Tennessee Cave Survey - Caves Described over Time

Twilight, John Henry Demps Cave (Sullivan Entrance), White County, Tennessee  1

I'm often asked, "How many caves are there in Tennessee?" What they are really asking is, "how many caves do we know about in Tennessee?" or "how many caves have been described in Tennessee?" I like to say "described" as opposed to "discovered" since most caves that are newly described were likely known to historic and prehistoric people. Sometimes there is direct evidence to support this.

The simple answer to the question is to state the number of caves as were described in the last Tennessee Cave Survey data release. But a more thorough answer would note that number changes annually. Let's explore just how much it has changed, and maybe speculate on how much it will change into the future.

History of Cave Documentation in Tennessee

In 1959 Dr. Tom Barr's book, Caves of Tennessee described approximately 500 caves. This was the first attempt to create a single, central source for cave information in Tennessee. It set the standard for what we would come to call a "narrative" and provided a format to report basic attributes for each cave, like its latitude, longitude, geology, total horizontal length, total vertical depth, number of pits, and depth of the deepest pit.

At some unknown date in 1973, the Tennessee Cave Survey incorporated. Based on the scattered notes I was able to determine that at that time, there were exactly 1,163 described caves in their dataset.

By 1987, the TCS was managing records for exactly 4,663 caves. That's exactly 3,500 more than when TCS incorporated 14 years earlier.

I arrived on the scene with the TCS in 2006 when we were still below 10k described caves with 9,107. It would be 2014 when we finally reported more than 10k (10,067 to be precise). In a short period of time this number grew 11,283 in 2020.

I take you on this brief walk down the history of our organization to make a point. We cannot continue to find new caves forever. At some point, we will run out of caves with natural entrances, and caves with entrances obvious to us as being able to be enlarged to permit entry.

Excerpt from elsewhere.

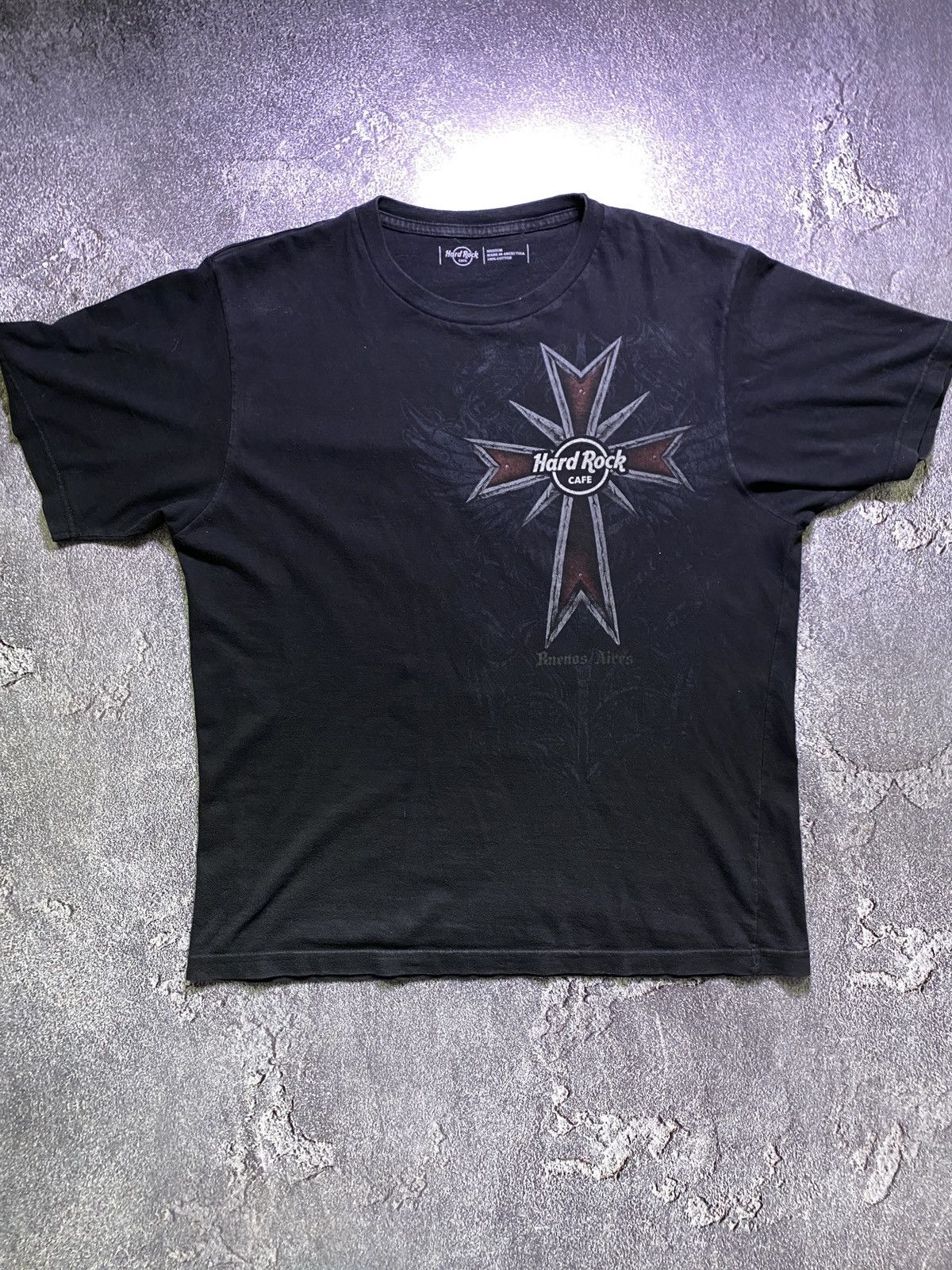 Affliction Rare Hard Rock Cafe Skulls Cross Y2K Affliction Style Tee Size US M / EU 48-50 / 2 - 2 Thumbnail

Estimating Cave Totals by Regression, Part 1

Let's start with an observation that is much tossed around in the caving community about caves with no entrances. I am paraphrasing, but it goes something like, "For every cave that has an entrance, there are 10 that do not". How did we arrive at this number? I don't know. And I cannot speak to its authenticity. I think someone was perhaps making a point about there being a lot of things that are unknown.

Could we estimate the number of known caves using data on the number of cave entrances that we do know of? For example, if we know how many caves have 1 entrance, how many caves have 2 entrances, and so on, can we estimate the number of caves that have zero entrances?

Depending on what trendline we choose to fit our data with, we end up with wildly different numbers, each of which are obviously incorrect. If we use linear regression we end up with an R²=0.336. A logarithmic fit looks good, has an R²=0.616, but never crosses the Y axis, so there are an infinite number of caves with no entrances. Sadly, this may be the closest real answer that one can model. There may be millions of caves in Tennessee alone with no entrance, buried in bedrock and collapse, but which otherwise qualify with the TCS definition of a cave.

Figure 1: Cave Entrance Frequency

Estimating Cave Totals by Regression, Part 2

Here's an idea of how one can estimate caves with natural entrances (or caves whose entrances are about to be natural). If we use a scatterplot graph and place on the X axis dates, and Y axis number of caves described, then we see a steadily rising graph, like the one below.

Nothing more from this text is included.